A second problem with CD audio data capture occurs when the computer cannot accept audio data from the drive fast enough. This is referred as a “buffer overflow”, because the CD-ROM drive must write data into its internal buffer before the computer has finished retrieving data already in the buffer. During a CD duplication process, a buffer overflow condition is usually a direct result of the CD-ROM drive reading faster than the CD Recorder writes. It is common to see 32X or 36X CD-ROM drives while the fastest CD Recorders are usually 4X-6X.

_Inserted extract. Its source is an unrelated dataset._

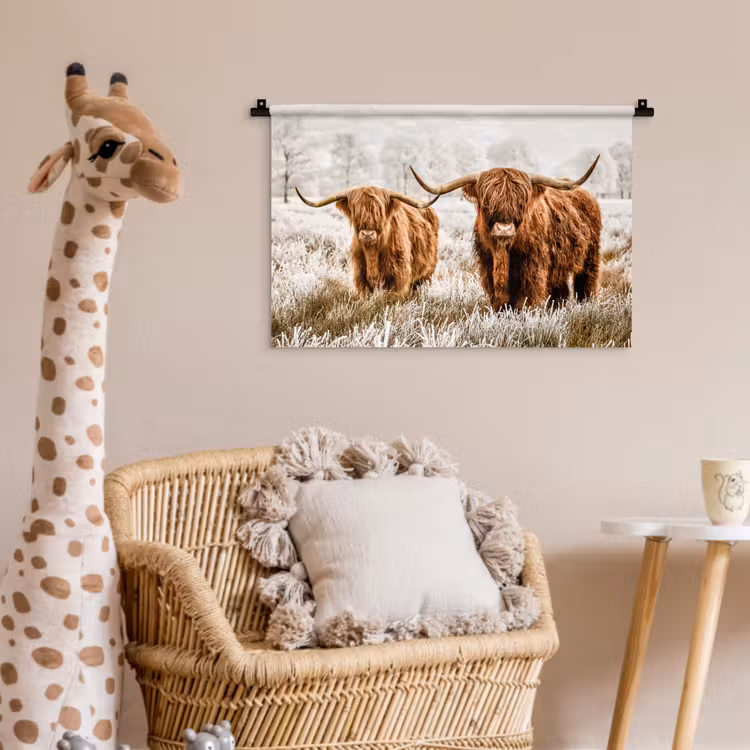 Wandkleed - Schotse hooglander - Koe - Natuur - Winter — 5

When a buffer overflow occurs, the read operation must be restarted. The next read may not begin transferring data at exactly the same sample (a side effect of the, ± 4 audio blocks accuracy problem) resulting in a few lost or repeated samples. This lost or extra data can create audible artifacts in the resulting sound file.
Because of the previous problems, it is not possible to reliably read accurately an audio stream without a re-matching or re-synchronization procedure. DiscJuggler employs three different re-matching methods to read audio reliably. See the “Audio Resynchronization” section in the “Copying Compact Discs” chapter for a detailed description.
Handy, I think you are missing the point that we are talking about CD audio format. Of course if you use compression you can get much more in. It has already been mentioned. But CDaudio is CDaudio.
Bocephus–a clarification, please.
Was the ORIGINAL material 823 MB on your hard drive, or did the CD say it was 823 MB?
If you can pop the CD into your computer and read how much is allegedly stored on the disc, we’ll be able to know whether the computer somehow squeezed the original bulky data or if the CD inexplicably holds more than its advertised capacity.
I thank all who responded to my question! Now a clarification…the CD writer is a HP CD-Writer plus 8200 series, using NERO software. The CD burnt was MP3’s coverted to wave format writing to a maxell CDR-74. NERO indicated 72 minutes with 751 MB not the 800 plus I previously mentioned.